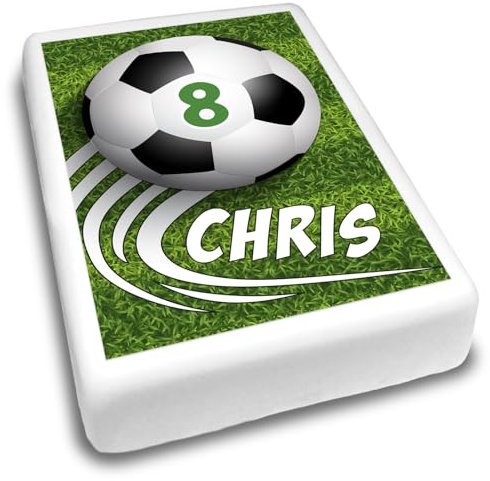 Cakeshop Portrait Personalised Edible Cake Topper Football Theme | Personalise Custom Name & Age | For Birthdays & Celebrations | Multiple Shapes & Sizes | Icing & Wafer Paper Options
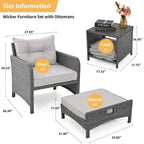 Ensemble de conversation de patio en osier 5 pièces Pamapic avec poufs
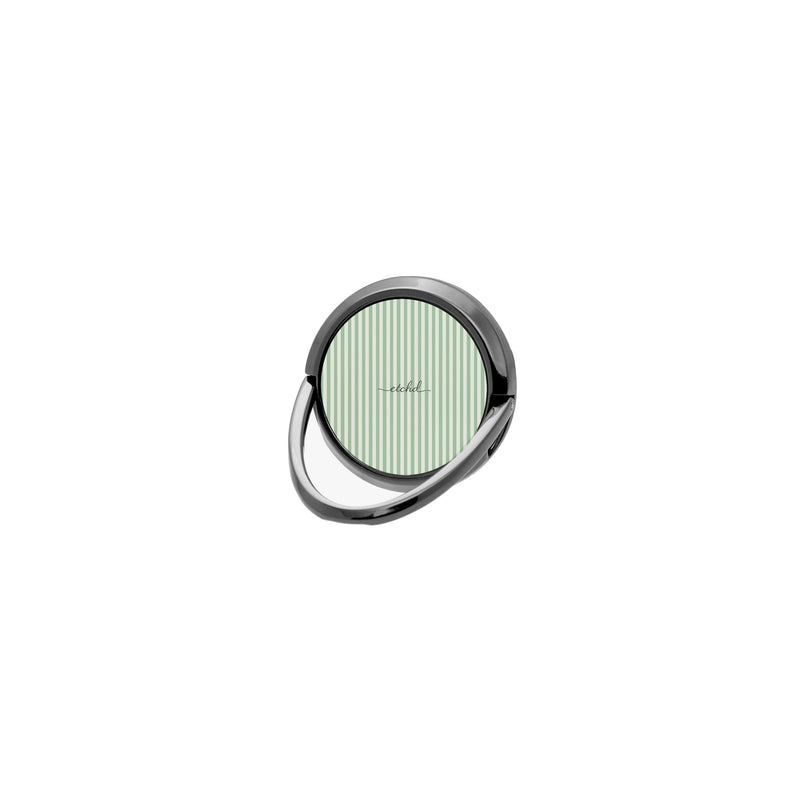 Sage & Cream Striped Phone Ring Holder-zoom-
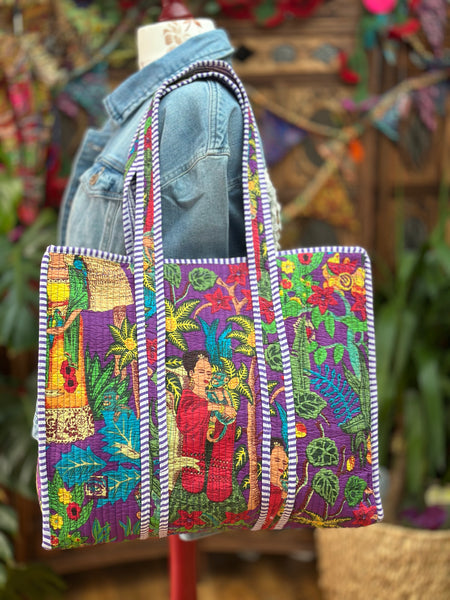 KANTHA GODDESS SHOPPER BAG  (BA134)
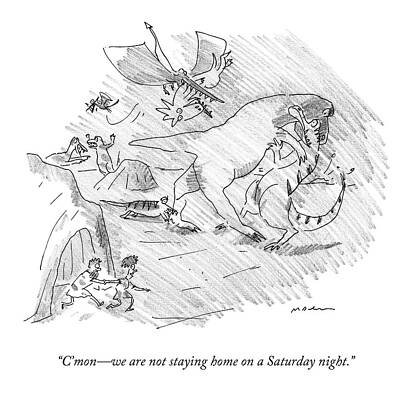 Dinosaurs Wall Art featuring the drawing A Cavewoman Leading A Man Outside Even Though by Michael Maslin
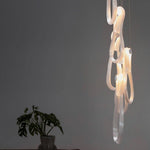 Pearlescent Glass Filament Chandelier – Modern Designer Pendant Light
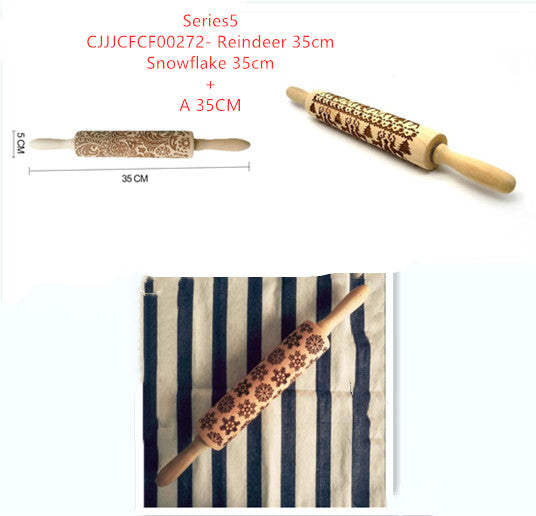 Christmas Pattern Rolling Pin - Kitchora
━━━━━━━━━━━━━━━━━━━━━━━━━━━━━━
- TASK TO COMPLETE
Print the records word for word and exclude any picture they hold.

- RESULT FOR THIS TASK
 Cakeshop Portrait Personalised Edible Cake Topper Football Theme | Personalise Custom Name & Age | For Birthdays & Celebrations | Multiple Shapes & Sizes | Icing & Wafer Paper Options
 Ensemble de conversation de patio en osier 5 pièces Pamapic avec poufs
 Sage & Cream Striped Phone Ring Holder-zoom-
 KANTHA GODDESS SHOPPER BAG  (BA134)
 Dinosaurs Wall Art featuring the drawing A Cavewoman Leading A Man Outside Even Though by Michael Maslin
 Pearlescent Glass Filament Chandelier – Modern Designer Pendant Light
 Christmas Pattern Rolling Pin - Kitchora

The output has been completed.